On February 28, 1949, five days after the President’s address, Linus Pauling wrote a letter to  Strand, stating that he was “greatly disturbed” by the failure to continue the appointment of Dr.  Spitzer. Pauling wrote not only as a friend of Spitzer’s, but as a graduate of OSC, as president of the American Chemical Society (which declined to intervene in the case) and as a man involved in the educational system. Pauling also felt that it was his duty as an American citizen to take an active interest in politics and that Spitzer had a similar right and duty. Pauling concluded by urging Strand to reconsider his actions.
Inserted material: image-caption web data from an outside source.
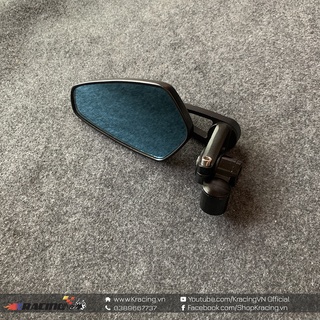 Kính (gương) gù CRG mod chân gắn xe máy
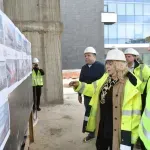 Ministarka Sofronijević: Radovi na železničkoj stanici Novi Beograd biće završeni do kraja ove godine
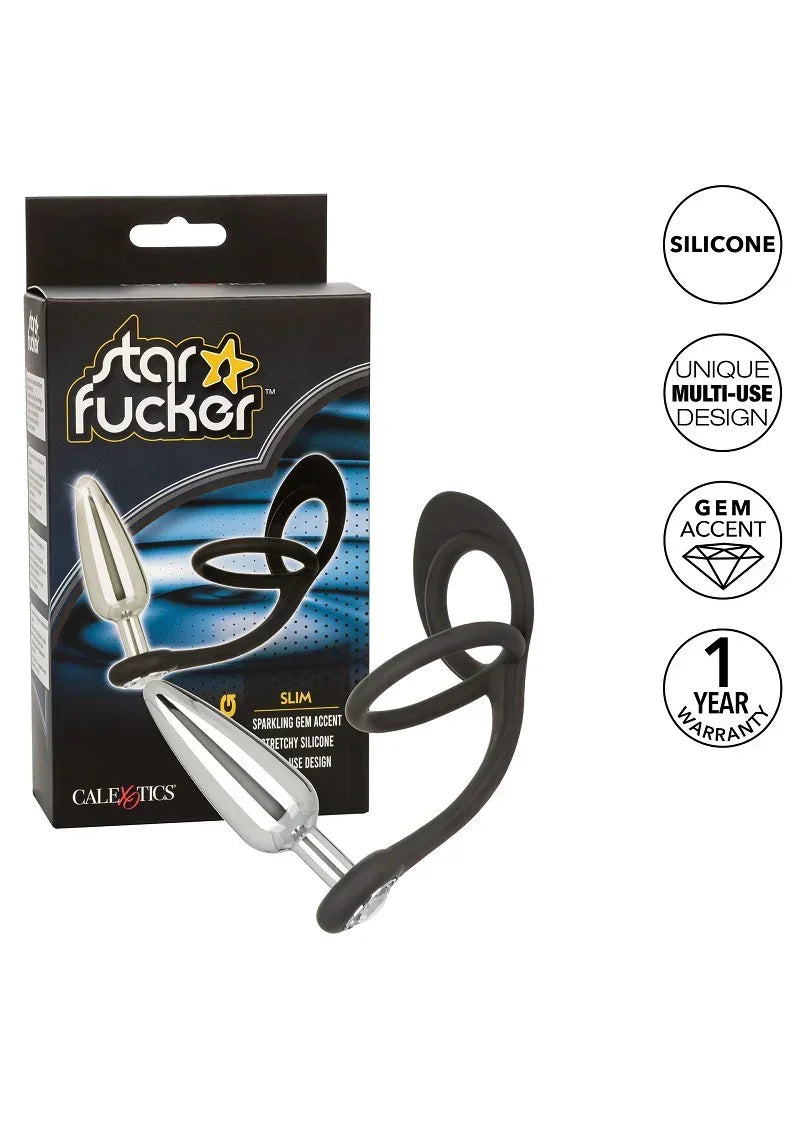 CalExoticsStarFuckerSlimPlug6 @ Happytoys Sexshop: online sex shop for Feeling Happy & Easy 😊 the erotic store owned by a woman
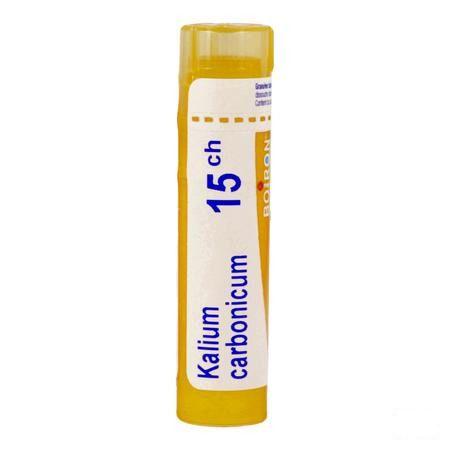 Kalium Carbonicum 15CH Gr 4g  -  Boiron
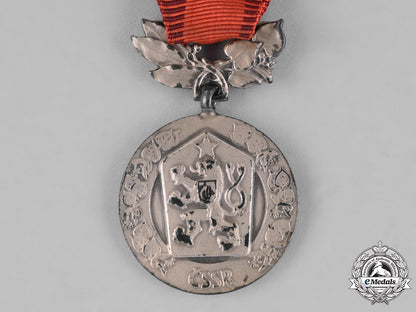 czechoslovakia,_socialist_republic._two_medals&_awards_c18-023983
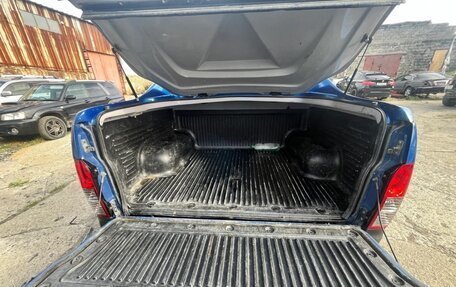 SsangYong Actyon Sports II, 2010 год, 550 000 рублей, 12 фотография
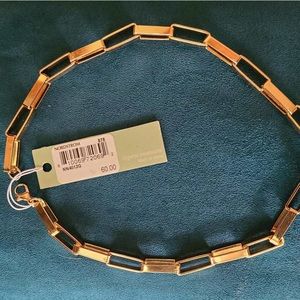 16” - yellow gold necklace made by petite moments from Nordstrom. NWT.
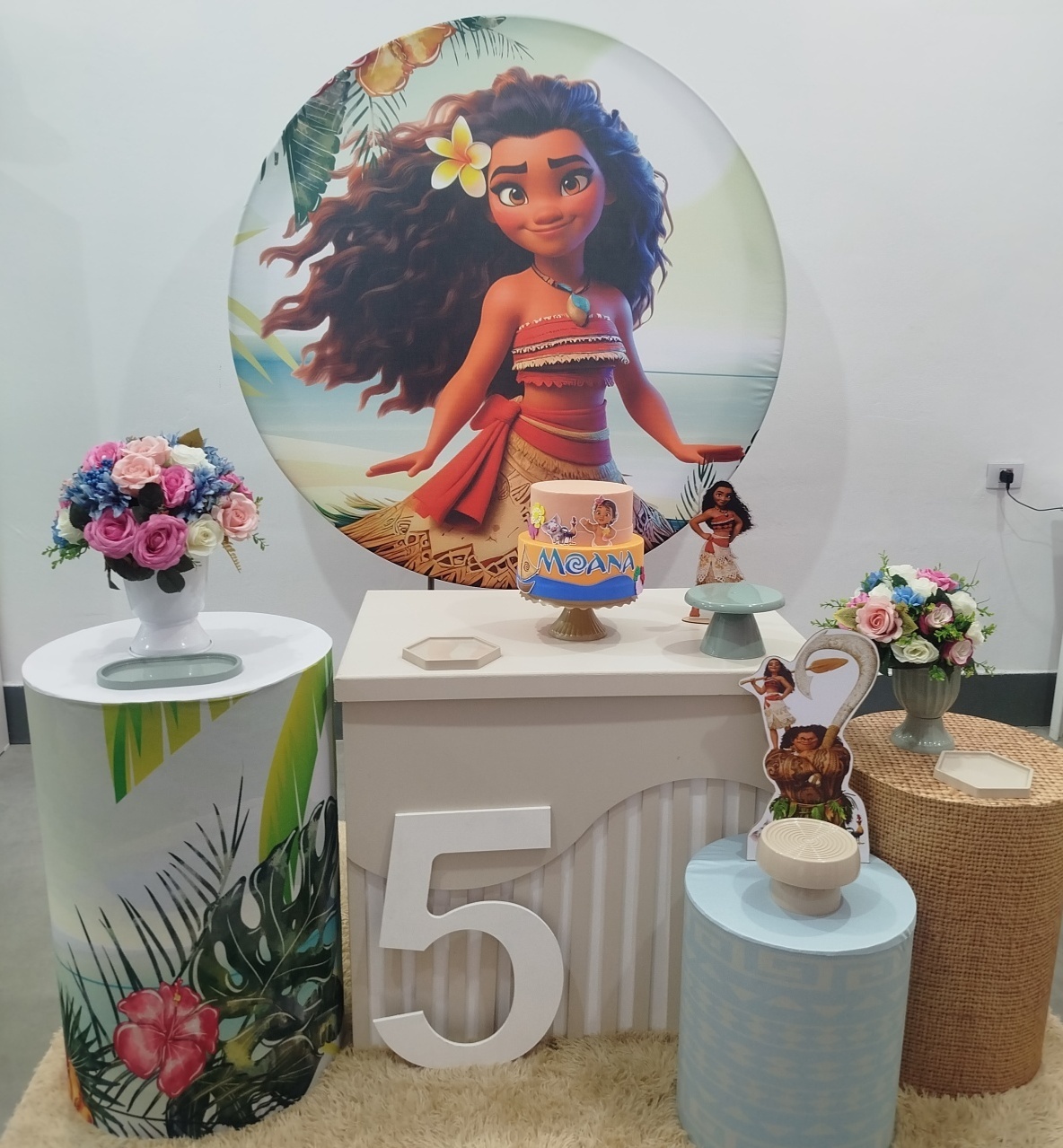 Kit Moana Ouro - Laysciadefestas 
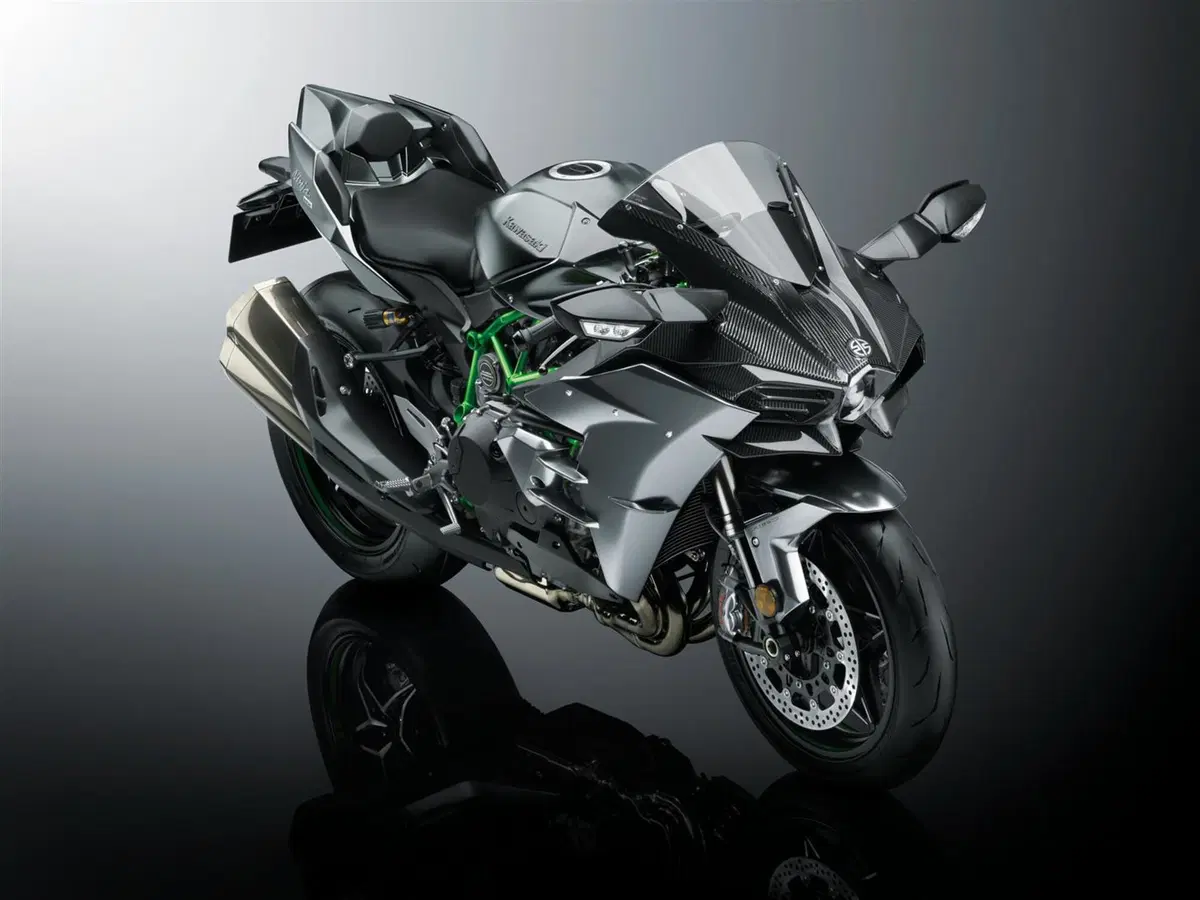 Kawasaki Ninja H2 Carbon (2017 - 18)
Pauling received a response from Strand on March 4, stating that the letter written by Spitzer in Chemical and Engineering News “showed beyond question that he was devoted to Communist party policy regardless of evident truth.” Strand continued, “How far need we go in the name of academic freedom? How stupid need we be and just how much impudence do we have to stand for to please the pundits of dialectical materialism?” Strand concluded by stating

If by this action, Oregon State College has lost your respect and support, all I can say is that your price is too high.  We’ll have to get along without your aid.

Pauling’s letter, as well as Strand’s stern response, were both published in the OSC newspaper, The Daily Barometer, and later reprinted in Chemical and Engineering News, but no direct action was taken.

Author Suzanne Clark, in her book Cold Warriors: Manliness on Trial in the Rhetoric of the West, wrote of what followed.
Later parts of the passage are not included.